By now you have heard of the French rock-star economist Thomas Picketty, whose new 700-page book entitled Capital in the Twenty-First Century published this spring is already sold out.3
Studying wealth and income inequality since the eighteenth century in Europe and the United States, Piketty basically documents the growth of inequality. His book is controversial and has already stimulated a great deal of debate.
Now what has this to do with you? This. Your experience and our values at Regis College have already led you to an intuitive appreciation both of the growing increase of inequality and also of the personal effort required of each of us to develop more just distribution of all kinds of resources, powers, and goods. One answer to inequality is the higher education of “the dear neighbor without distinction” of social class, race, religion, or gender – and that is what we are about here at Regis College in the spirit of the Sisters of St. Joseph of Boston.
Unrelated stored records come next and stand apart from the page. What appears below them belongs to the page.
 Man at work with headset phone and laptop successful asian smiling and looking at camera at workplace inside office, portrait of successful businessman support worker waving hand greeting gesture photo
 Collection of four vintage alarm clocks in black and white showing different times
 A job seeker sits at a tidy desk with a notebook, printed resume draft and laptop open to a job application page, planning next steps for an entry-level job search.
Today, degree in hand, you are entering the vanguard force of those whose education commits them to taking calculated and informed risks and working as change agents in a world that needs better distribution of the privileges of education, better delivery and distribution of health care, and better opportunity for leadership for women, for people of color, for the young.
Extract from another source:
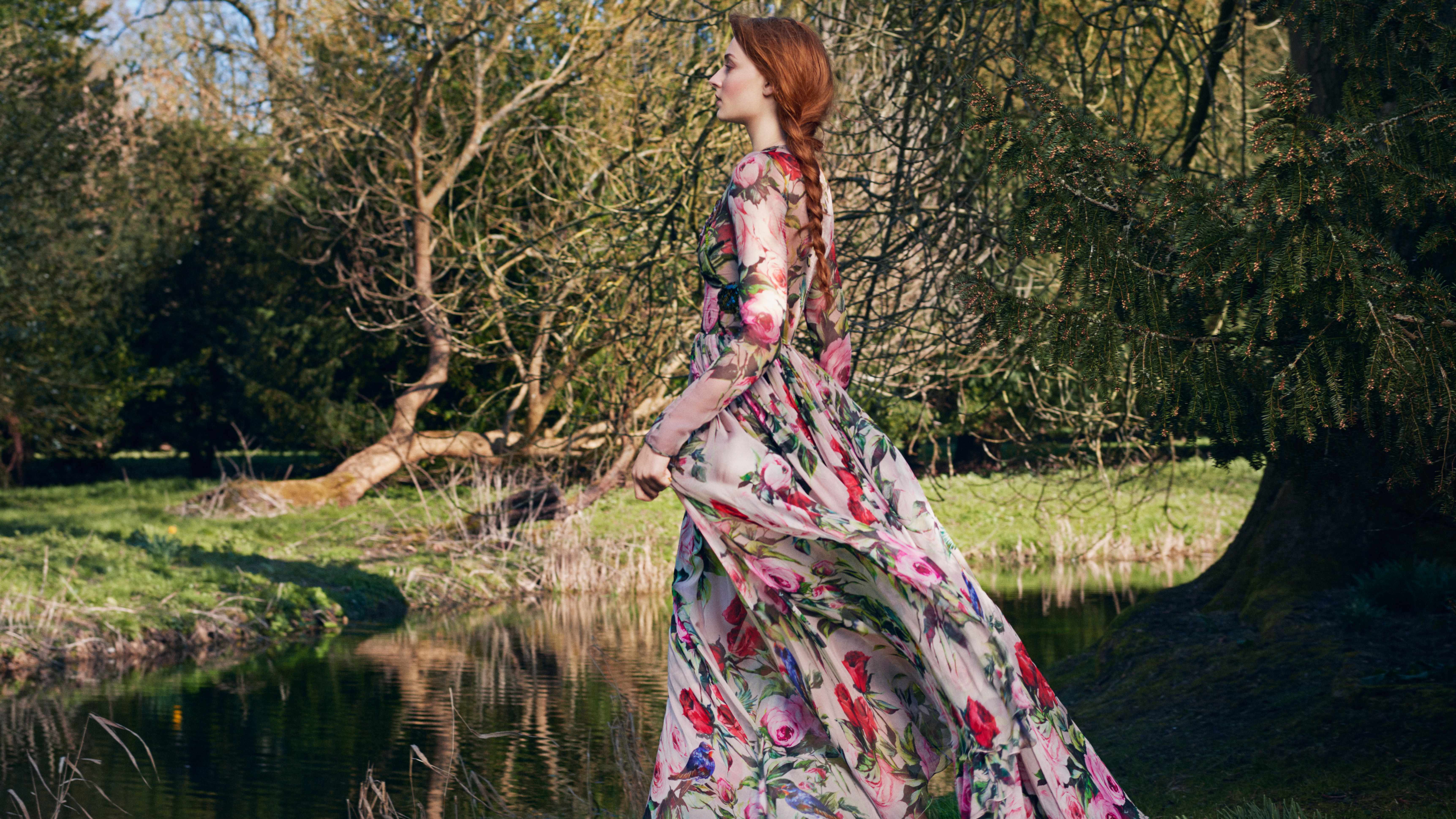 Sophie Turner in a floral dress by a pond HD Wallpaper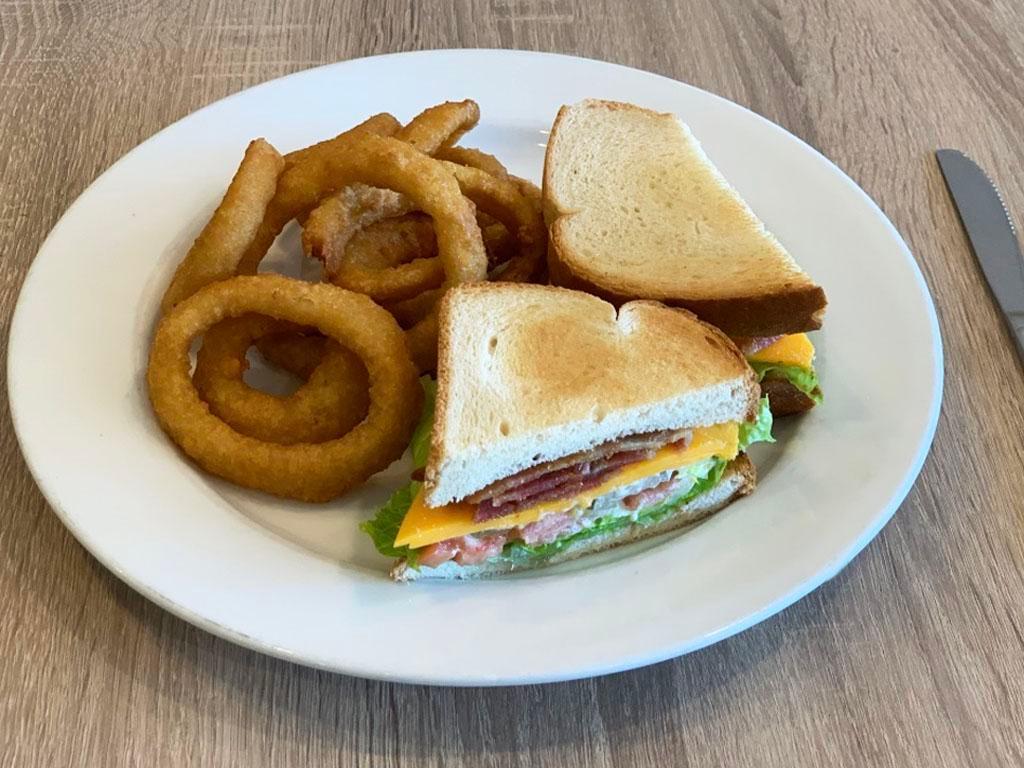 BLT Sandwich · Smoky bacon, lettuce, tomato, cheddar and mayo. Served with house fried chips or mixed green salad.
As Dr. Deborah K. Fitzgerald, the Dean of MIT’s School of Humanities, Arts, and Social Sciences, has put it, today the humanities are just as important as STEM – science, technology, engineering, and mathematics – because “the world’s problems are never tidily confined to the laboratory or spreadsheet. From climate change to poverty to disease, the challenges of our age are unwaveringly human in nature and scale, and engineering and science issues are always embedded in broader human realities, from deeply felt cultural traditions to building codes to political tensions. So our students also need an in-depth understanding of human complexities — the political, cultural, and economic realities that shape our existence — as well as fluency in the powerful forms of thinking and creativity cultivated by the humanities, arts, and social sciences.”4
We say so, too, here at Regis College, and we all – you graduating and we operating the College – must continue to adapt to the demands of the interdisciplinary and the technological, rejecting false oppositions between arts and sciences, humanities and professions, challenges and opportunities. We must, because that is where the world lives today, that is where you live.
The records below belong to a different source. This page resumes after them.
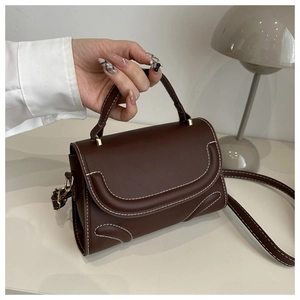 Detail einer braunen Handtasche mit weißen Kontrastnähten und goldener Hardware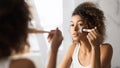 Afro Woman Applying Face Powder With Makeup Brush In Bathroom
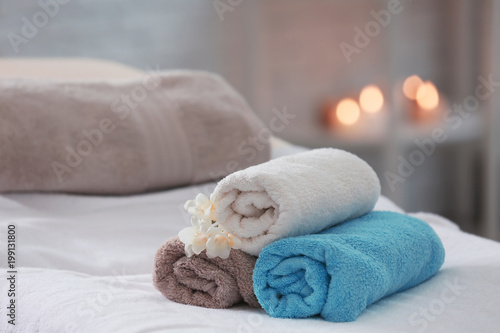 Towels and flowers on massage table in spa salon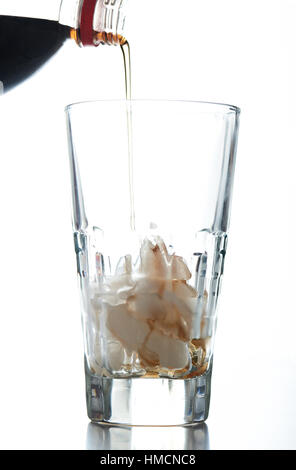 pouring soda in to glass with ice isolated on white Stock Photo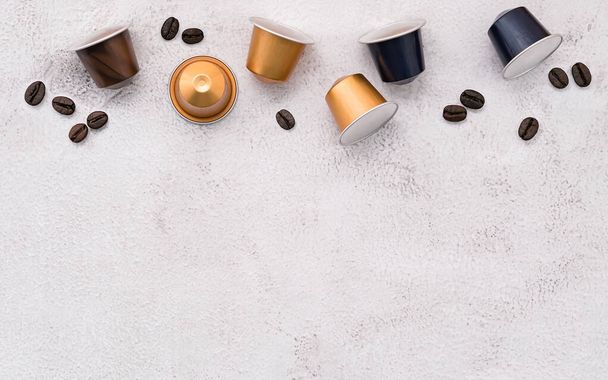 Dark roasted coffee beans and coffee capsule setup on white concrete background with copy space. - Foto, Imagen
As educators, we have been learning to work the disciplines all together, and we are going to continue to work them together. You are among the first fruits of that labor, the emissaries who are today going out into the world with your newly minted degrees to think critically, to assess and take risks of community development, and to become change agents of social justice, using your interdisciplinary education for the common good.
Go to it. Make us proud. Congratulations and Godspeed!
1 Hope Yen, “US college degrees increasing in value; wage gap grows for those who don’t have them,” The Boston Globe (February 12, 2014), A9.
2 Max Nisen, “Long-Term Salary Data Shows How Much A College Degree Is Really Worth,” Business Insider (August 27, 2013).
3 Reportedly more than 80, 000 print copies and 13,000 digital copies have been distributed – not the usual publication data for an academic press, in this case, that of Harvard University.